Spirit of Gallo’s High Noon is expanding into the hard iced tea market with a new variety pack, the first non-carbonated offering from the spirits RTD giant. High Noon’s vodka teas are rolling out now across the U.S. and come in four flavors—original, peach, raspberry, and lemon—all at 4.5% abv and 90 calories per can. The 8-packs, the exclusive debut for the vodka teas, carry a suggested retail price of $20. The move comes following an explosive few years for High Noon, which has rocketed ahead of all other spirits brands in the U.S. Last year, High Noon was up 33.5% to 21.9 million cases, according to Impact Databank. As recently as 2019, the brand was under 1 million cases.

After becoming the largest spirits brand in the U.S., the brand team took a step back to assess future plans, Britt West, executive vice president and general manager, Spirit of Gallo, tells SND. “We put forth a lot of different ideas of everything from way far out innovation to kind of closer-in innovation,” he says. “One of the interesting things that came back was that High Noon really stands for premium in the RTD space and it stands for good times in a low-abv situation.” He adds that Gallo’s insights showed that consumers didn’t see High Noon as exclusively tied to sparkling drinks or as a hard seltzer replacement.

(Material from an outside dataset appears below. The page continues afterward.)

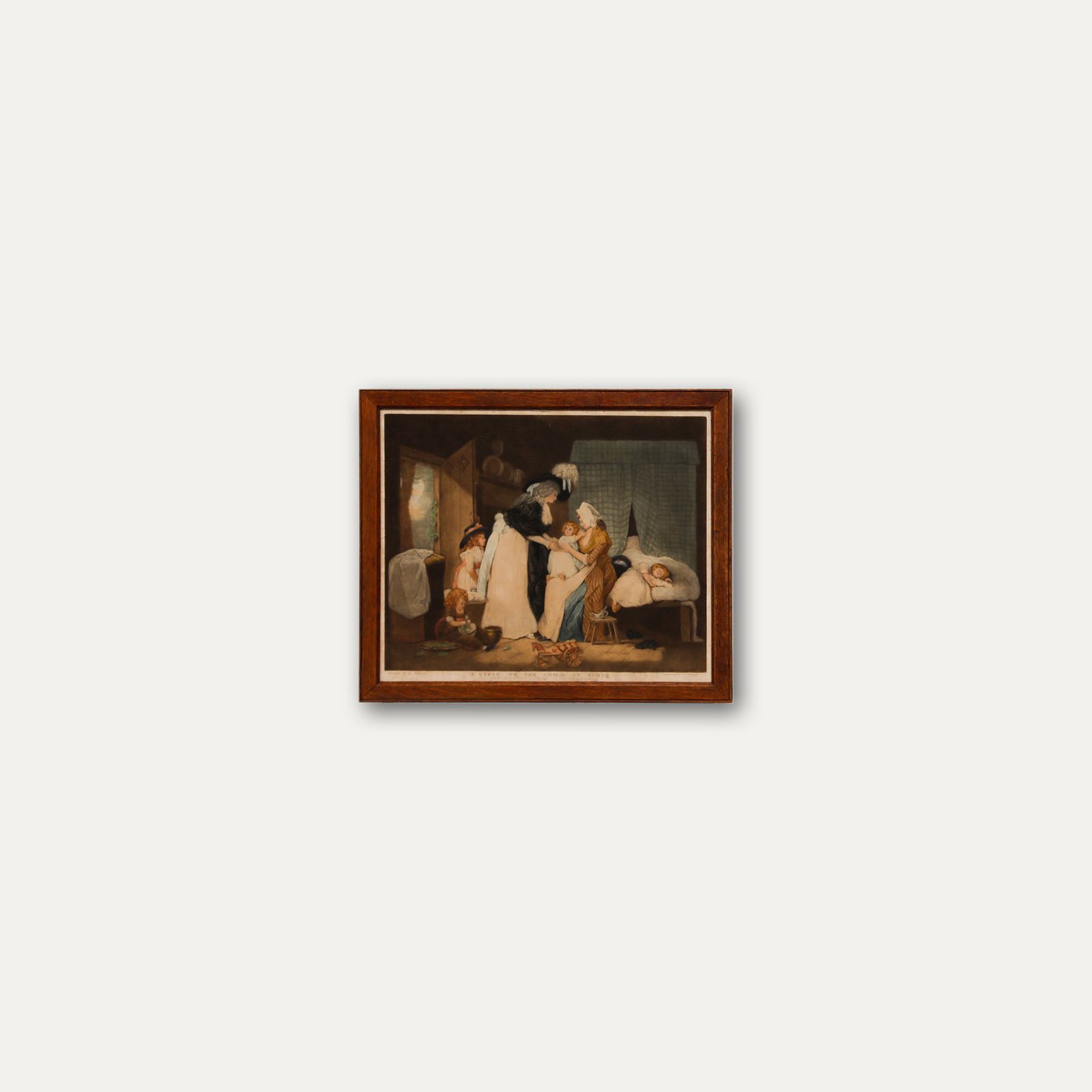 After George Morland (1763 1804) Aquatint, A Visit To The Child At Nurse photo vintage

This latest innovation, says West, is an opportunity to premiumize the hard tea category, which is largely dominated by malt-based drinks like Twisted Tea. “There’s a consumer out there that is looking for non-carbonation and they turn to tea a lot,” he says. “A lot of the other teas on the marketplace, of course, have either an artificial sweetener or they’re loaded with sugar.”

High Noon’s hard teas are rolling out now and should be available on retail shelves across the U.S. in the coming days with a major push leading to the Memorial Day holiday. For the wider High Noon brand, the plan is to continue what’s worked. “An expansion with the PGA is a major piece of our activation plan for the summer,” says West. Additionally, the brand recently launched a new ad campaign featuring “High Noon Lifestyle Guards,” specializing in solving summer problems like an empty cooler or a deflated pool toy.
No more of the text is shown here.